How many who enjoy Danny Green as a crook in Alexander Mackendrick's The Ladykillers recall that he appeared, again as a heavy, in a film which was the first upon which that celebrated director worked? This was Midnight Menace (1937), its initial story supplied by Macendrick. Three years before enemy bombers appeared over London, this is exactly what happens in the film - albeit robot controlled and on behalf of a fictional country rather than Germany.
The plot - seemingly fantastic as it is, even more presciently making use of a flatscreen television screen on a wall - is the usual one of a few, working on a tip, against both mighty forces and those who, more preoccupied with England's fate in the Test Match, dismiss such fears as scaremongering.
One reporter has been driven fatally off the road by the enemy agents in the opening moments, and his sister (Margaret Vyner) who is also on the newspaper soon works in tandem with its political cartoonist (Charles Farrell) who finds that adversity requires more of him than ink and pen as he comes up against sinisterly smooth diplomat Fritz Kortner (familiar from Pandora's Box).

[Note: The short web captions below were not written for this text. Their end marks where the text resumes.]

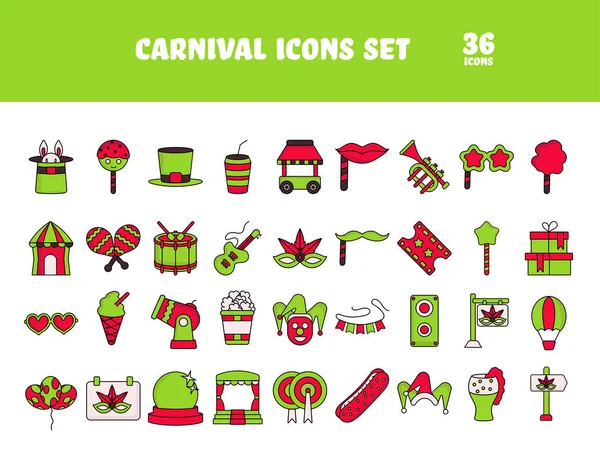 Rode Groene Kleur Set Van Carnaval Icoon Platte Stijl — Stockvector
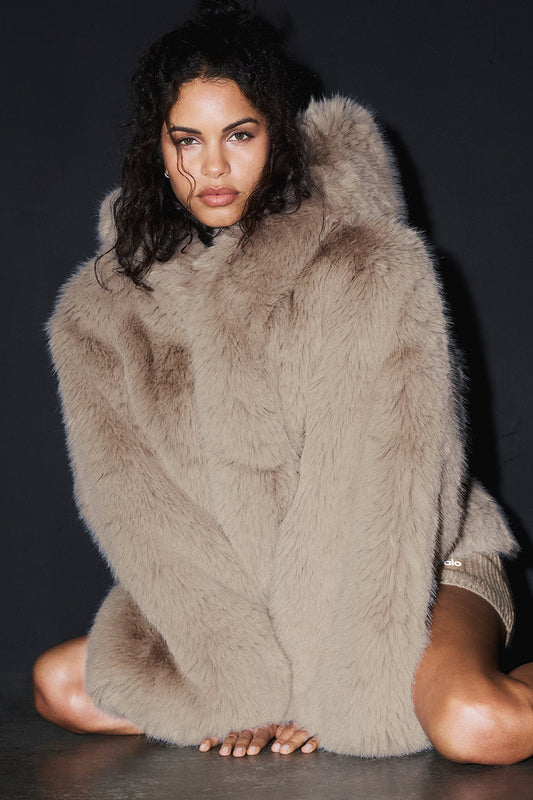 Opulent Faux Fur Statement Zip Jacket — Oat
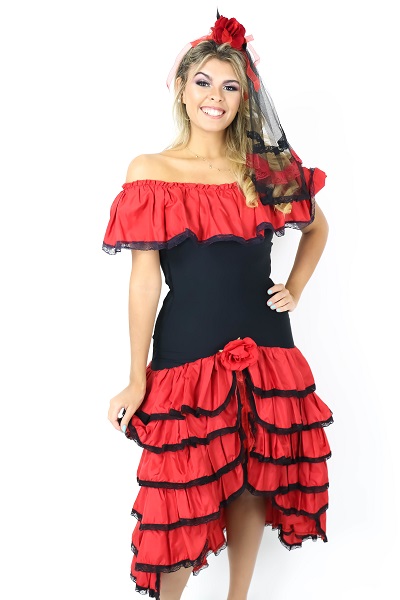 Espanhola Vestido Preto Babados Vermelho
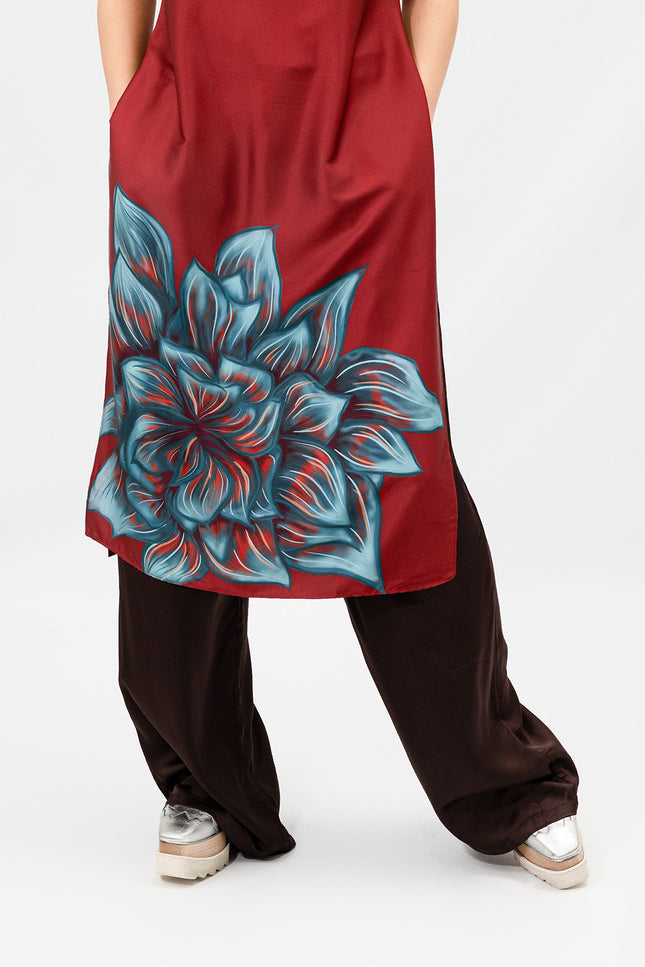 Janara Jones | Wine Blue Rose Print Cami Top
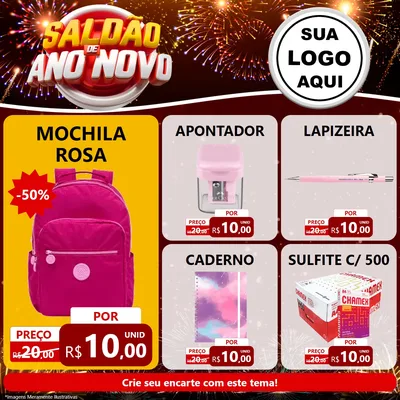 Modelo de Rede Social para Feed Facebook com o tema Saldão de Ano Novo para Papelaria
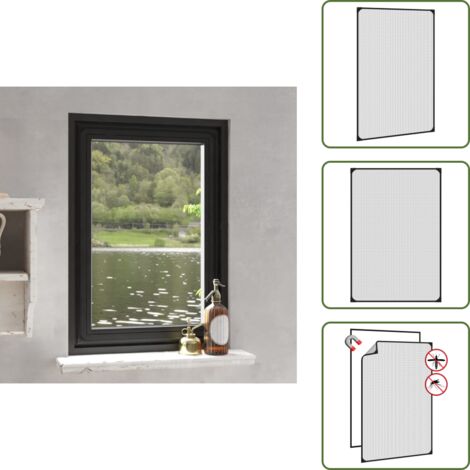 Malla antimosquitos - vidaXL Mosquitera magnética para ventanas gris antracita 80x120 cm - Mosquitera para ventanas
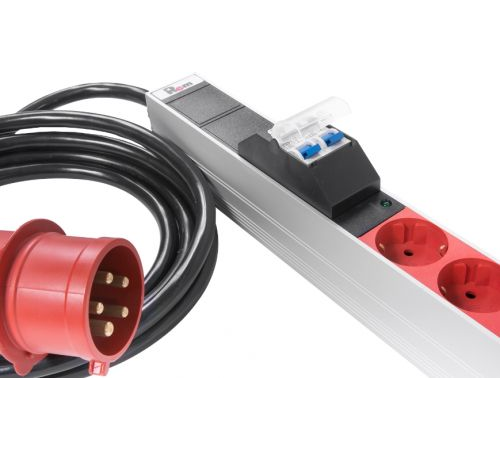 Верт блок розеток Rem-3x32, 3 фазы 32A, 6 авт, инд, 24 S, 1820 мм, IEC 309, шнур 3 м (R-3x32-24S-A-I-1820-3-3PN)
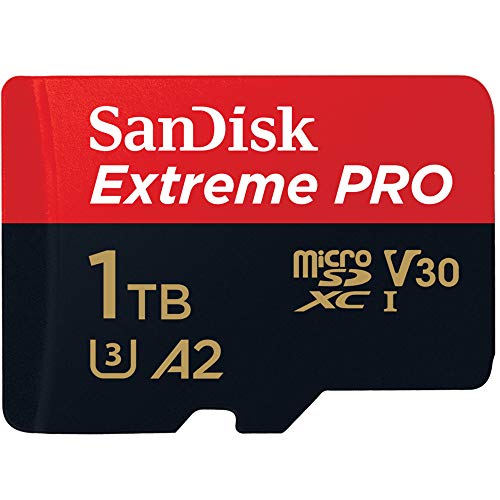 SanDisk Extreme PRO 1 TB scheda di memoria microSDXC + adattatore SD, Nero Rosso
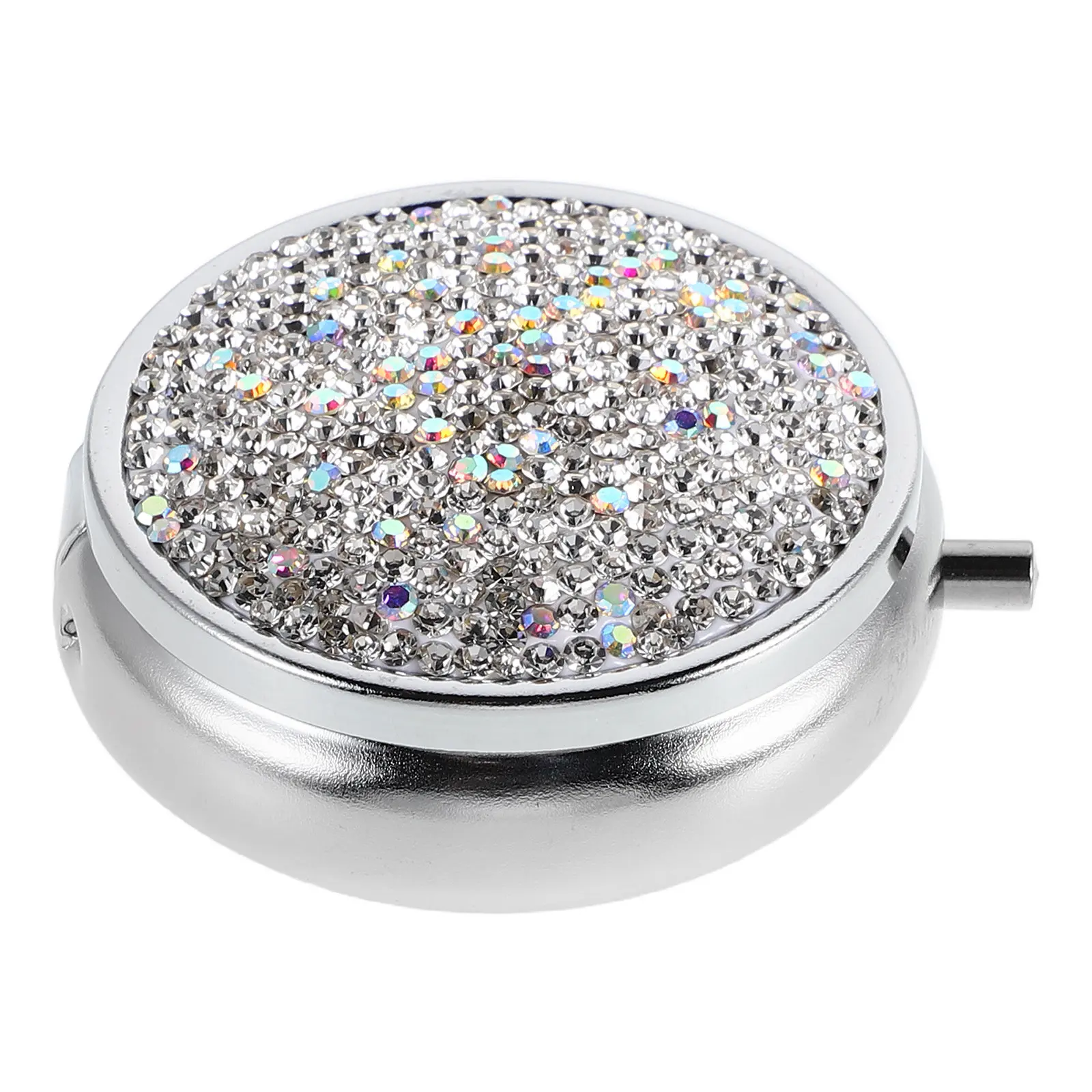 

Mini Portable Rhinestone Pill Organizer Compact Medicine Box Metal Pill Case Travel Office Daily Use Medicine Holder for Purse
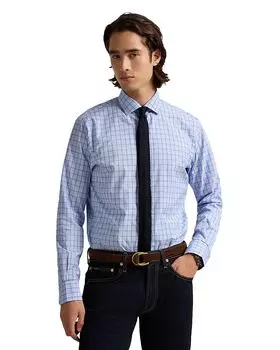 Рубашка из поплина в клетку классического кроя Polo Ralph Lauren, синий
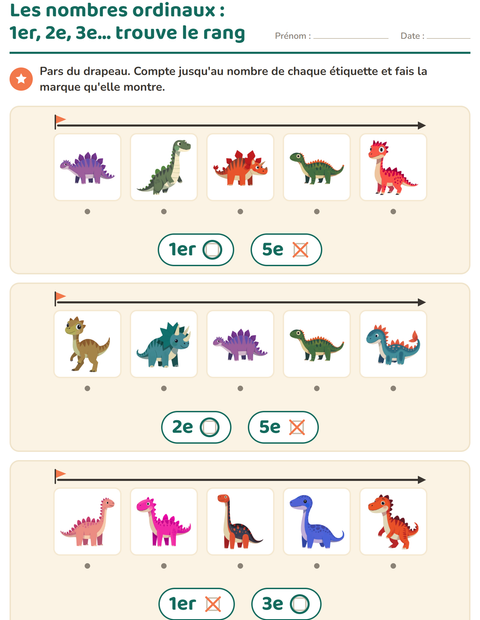 Aperçu de la fiche Les nombres ordinaux avec Dinosaures pour École maternelle (grande section, 5-7 ans)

All this is the stuff of derring-do, of hiding off smart corridors and in low alleys as events turn skywards, searchlights picking out the planes. That so much of this is the work of models does not lessen an impact which also owes something to much-populated scenes redolent of League of Nations meetings subverted by the demands of arms manufacturers set to prosper yet again upon war breaking out anywhere.
A film which should be better known.